» **What this task involves**
Please copy, exactly as written, the span from the first line below to the line that contains "Senasa no registró", including both, and skip the pictures.

[Items listed in a dataset]

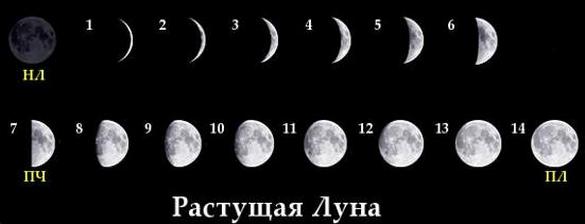 Благоприятные лунные дни, календарь самых благоприятных на каждый день 2021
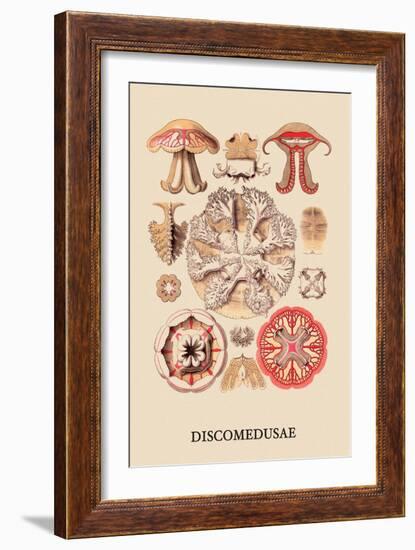 Jellyfish: Discomedusae-Ernst Haeckel-Framed Art Print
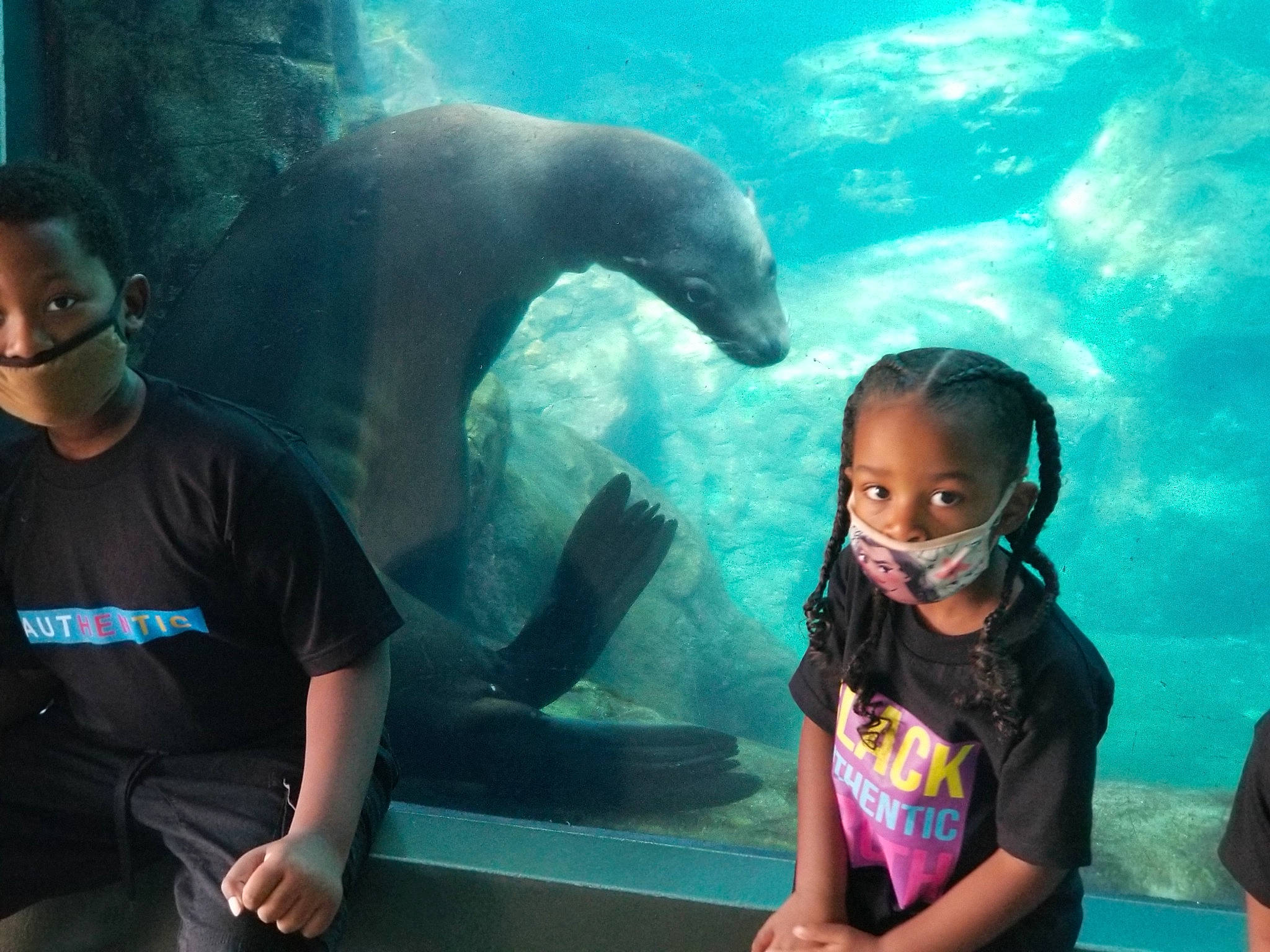 Ahparyam is registered to the contest to win money with this photo: adaptation, aquarium, clothing, fin, fun, green, happy, leisure, marine_biology, organism, person, photograph, recreation, snapshot, t_shirt, toddler, underwater, vertebrate, water, world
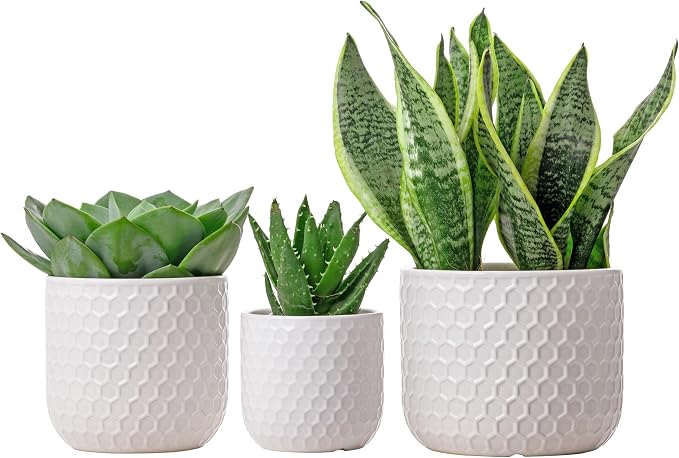 Docrin Plant Pots Indoor with Drainage: 6.4+5.3+4 Inch Ceramic Flower Pots - Image 9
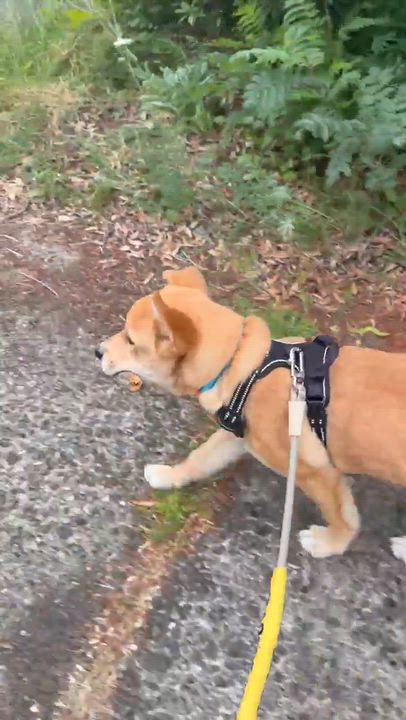Enlarge Meerkat (Safari litter), a Adoptable mixed breed in Silvana, WA video 6/6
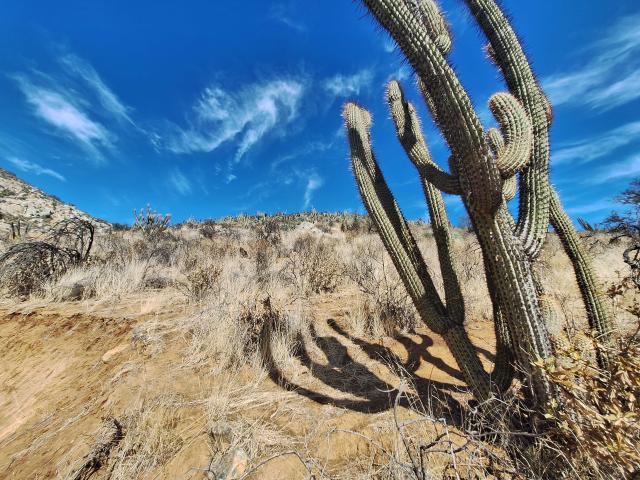 Terreno en Venta en Curacaví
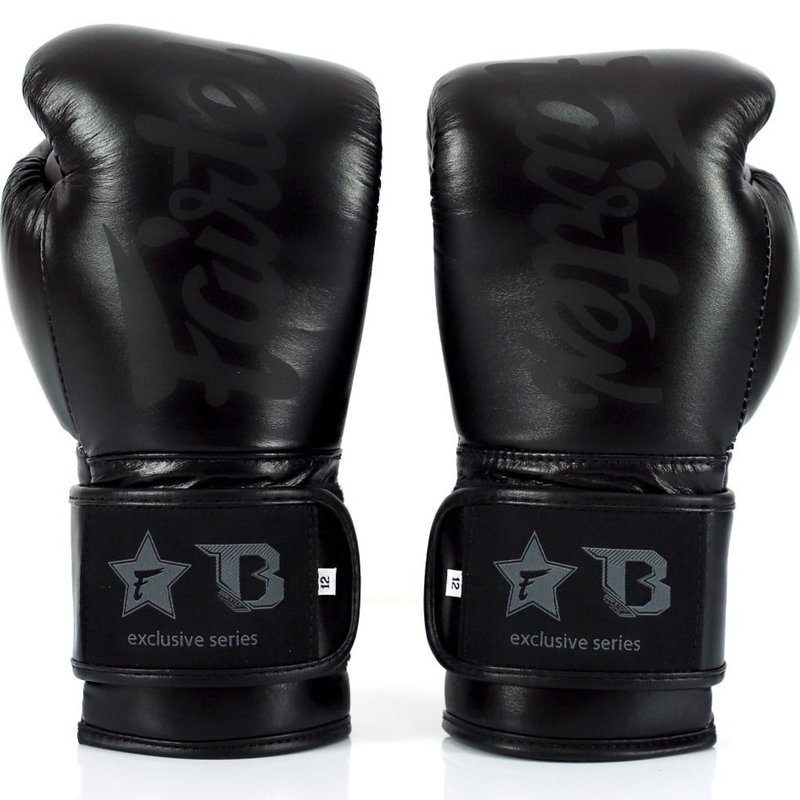 Fairtex Fairtex Booster FXB Leather Boxing Gloves Black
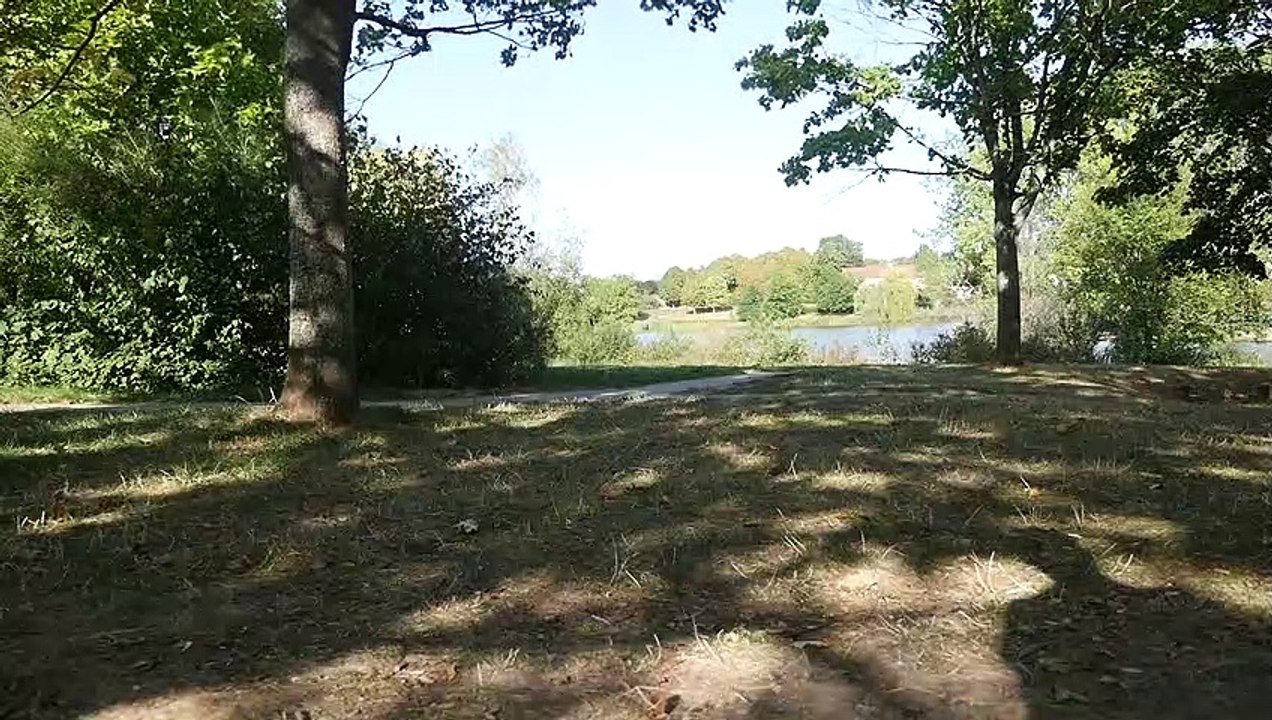 Lake & Shadow - Nature/Human (Creative Common Video 140)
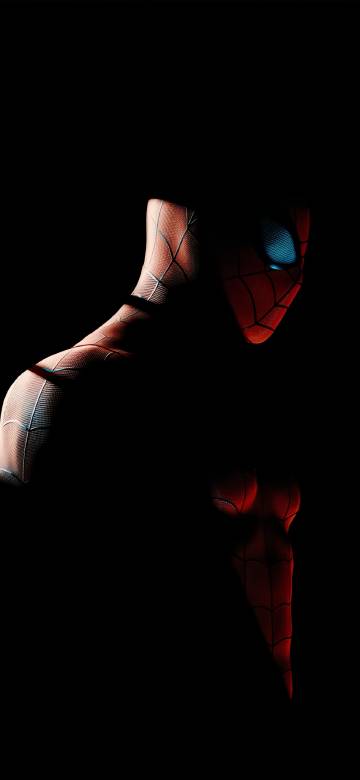 Spider-Man Against a Black Background 4K Wallpaper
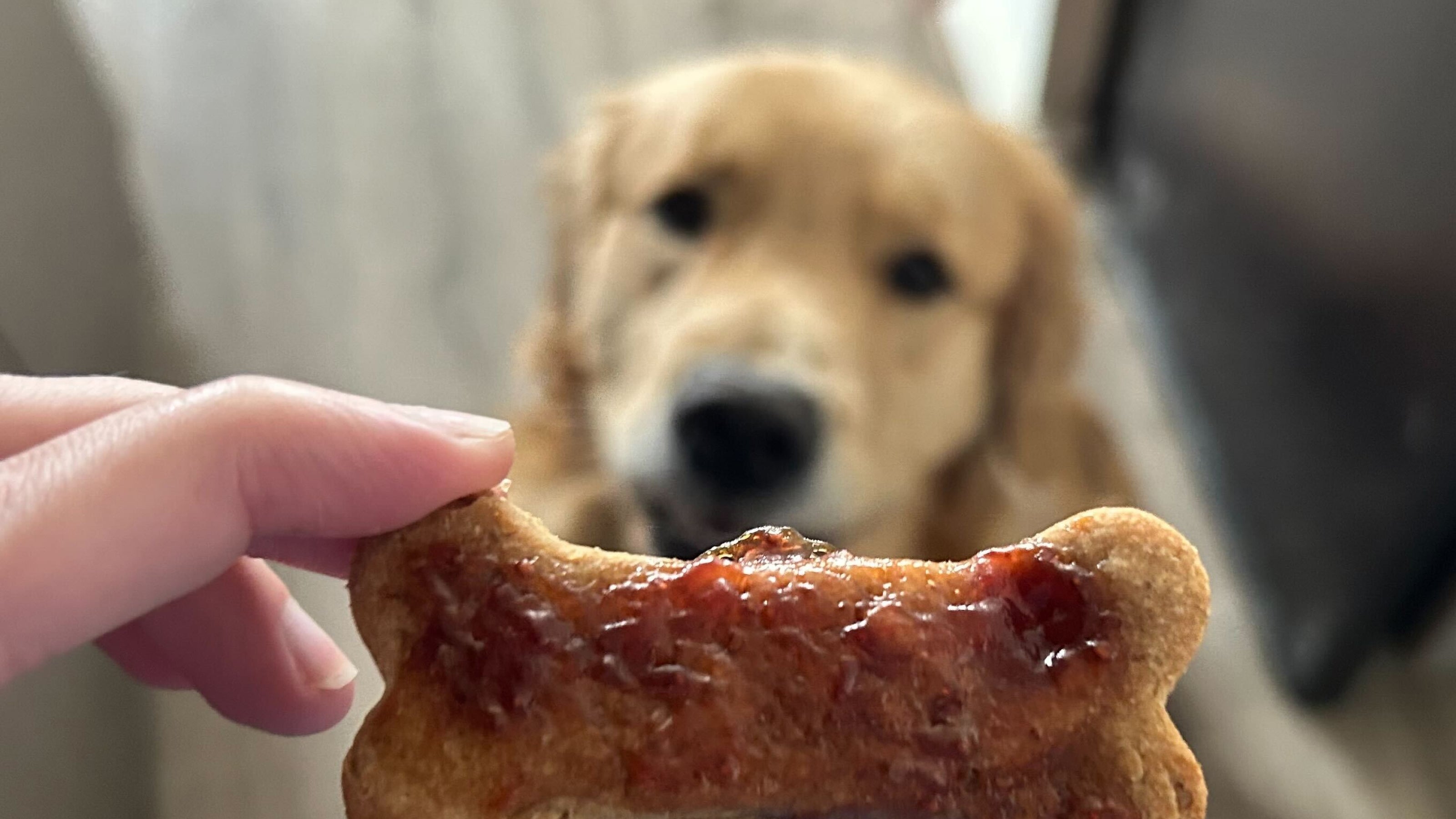 A golden retriever waits for a peanut butter and jelly dog treat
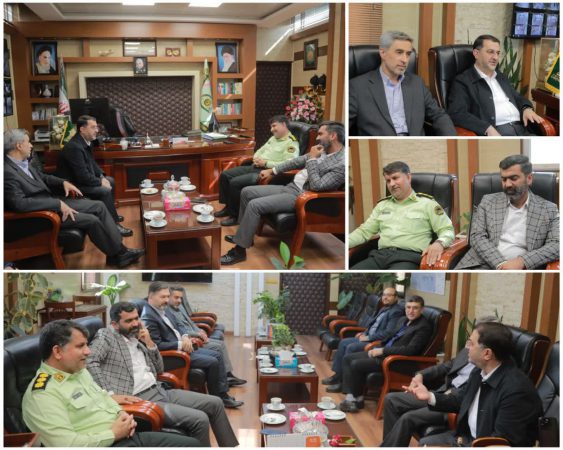 نقش کلیدی پلیس در برقراری امنیت مسافران شهر فرودگاهی امام خمینی(ره)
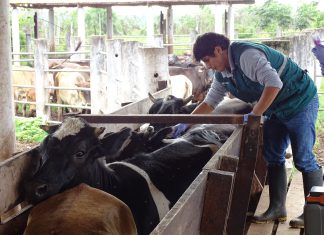 Senasa no registró casos de Carbunco sintomático en Huánuco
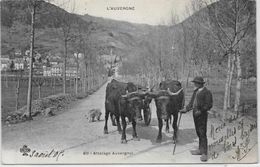 CPA  Attelage Campagne Travaux Des Champs Métier Ciculé Auvergne - Wagengespanne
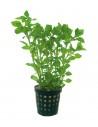 Ludwigia palustris Groen  - 1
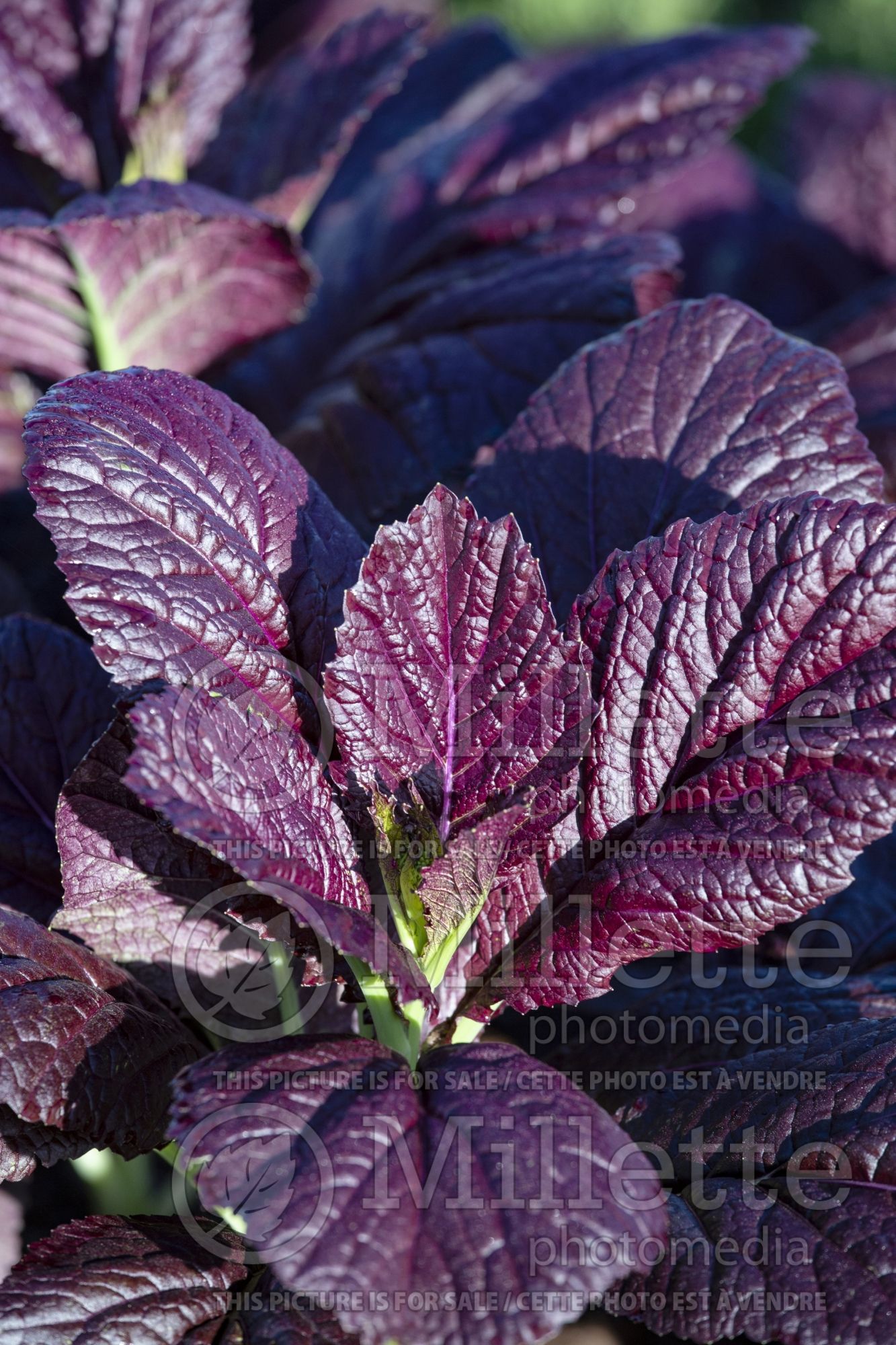 Brassica Garnet Giant (chinese mustard lettuce oriental vegetable) 3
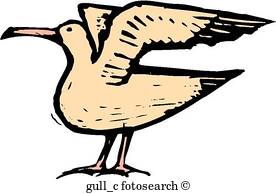 276x194 Seagulls Clipart Royalty Free. 3,951 Seagulls Clip Art Vector Eps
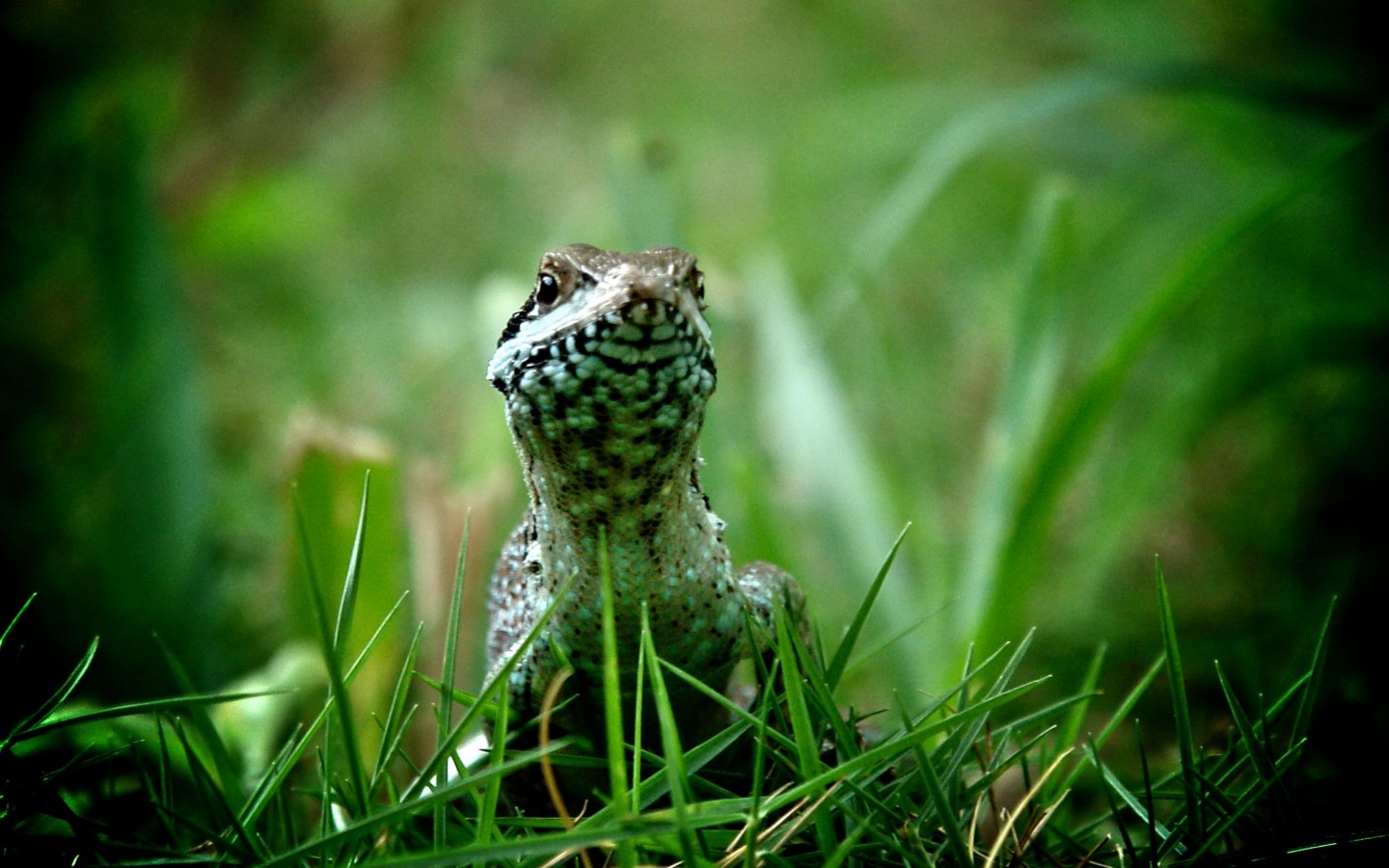 Ящерица в траве 1440x900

» **Reply**
 Благоприятные лунные дни, календарь самых благоприятных на каждый день 2021
 Jellyfish: Discomedusae-Ernst Haeckel-Framed Art Print
 Ahparyam is registered to the contest to win money with this photo: adaptation, aquarium, clothing, fin, fun, green, happy, leisure, marine_biology, organism, person, photograph, recreation, snapshot, t_shirt, toddler, underwater, vertebrate, water, world
 Docrin Plant Pots Indoor with Drainage: 6.4+5.3+4 Inch Ceramic Flower Pots - Image 9
Enlarge Meerkat (Safari litter), a Adoptable mixed breed in Silvana, WA video 6/6
 Terreno en Venta en Curacaví
 Fairtex Fairtex Booster FXB Leather Boxing Gloves Black
 Lake & Shadow - Nature/Human (Creative Common Video 140)
 Spider-Man Against a Black Background 4K Wallpaper
 A golden retriever waits for a peanut butter and jelly dog treat
 نقش کلیدی پلیس در برقراری امنیت مسافران شهر فرودگاهی امام خمینی(ره)
 Senasa no registró casos de Carbunco sintomático en Huánuco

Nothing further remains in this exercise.